236. In the White Paper Designed to Care announced the intention to amend the statutory duties of NHS trusts to make explicit their responsibility for quality of care. Under the terms of the 1978 Act, NHS Trusts have a duty to meet such financial objectives as are set by the Secretary of State. Clause 41 adds a new duty relating to the quality of health care provided to patients.

237. Under clause 41, NHS Trusts, the Island Health Boards (which have responsibility for directly managed units) and the State Hospital will be required to draw up arrangements which will enable them to monitor and improve the quality of health care for which they have responsibility. A fundamental component of those arrangements will be implementation of the clinical governance arrangements set out in the Scottish Office publication MEL(1998)75, issued in November 1998.

Clause 42: Expenditure of Health Boards

238. Section 85 of the 1978 Act currently provides for two streams of funding from the Secretary of State to Health Boards to allow them to perform their functions as required by that Act.

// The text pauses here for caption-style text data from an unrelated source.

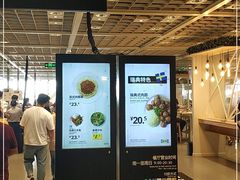 -宜家·瑞典风味餐厅(天津东丽商场店)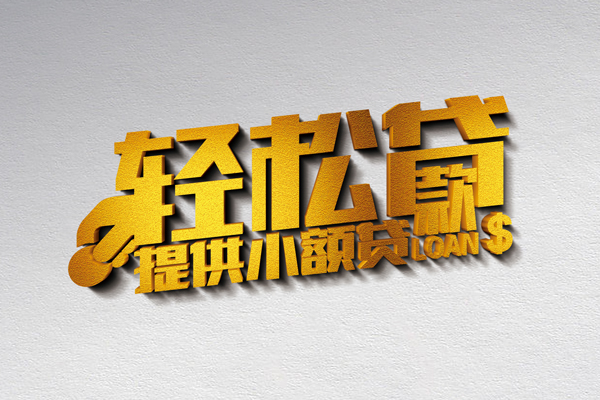深圳信用私人私借-深圳信用短借私借空放-深圳信用无抵押私借空放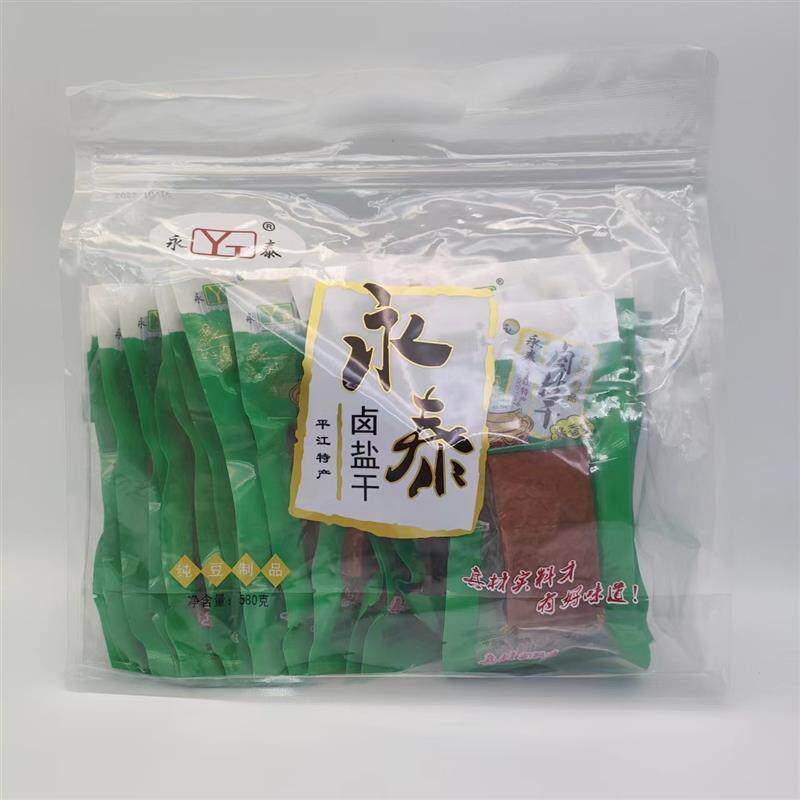 新货湖南平江特产卤盐干酱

The section draws a clear distinction between resources for functions covered by Part I of the 1978 Act (hospital and community health services) and functions under Part II of the Act. Funding for the Part II functions includes provision for the pay and expenses of GPs, dentists, pharmacists and optometrists. In particular, this includes the reimbursement of costs incurred by pharmacists (and other dispensing contractors) in dispensing prescriptions issued by GPs, known as "prescribing costs".

239. The allocations to Health Boards for Part I functions are cash limited whereas the majority of the Part II functions are funded from non-cash limited resources. With the exception of certain general medical services expenditure, it is not possible under the present section 85 of the 1978 Act to include any of the Part II functions in the cash limited stream of funding where so desired. Clause 42 inserts a new section 85AA in the 1978 Act to provide for certain Part II expenditure to be funded from within cash limited resources. This underpins the introduction of a single stream of cash limited funding to Health Boards to collectively cover expenditure on hospital and community health services and GPs' prescribing costs. This will give Boards and, in turn, primary care NHS trusts increased financial flexibility in the use of their resources.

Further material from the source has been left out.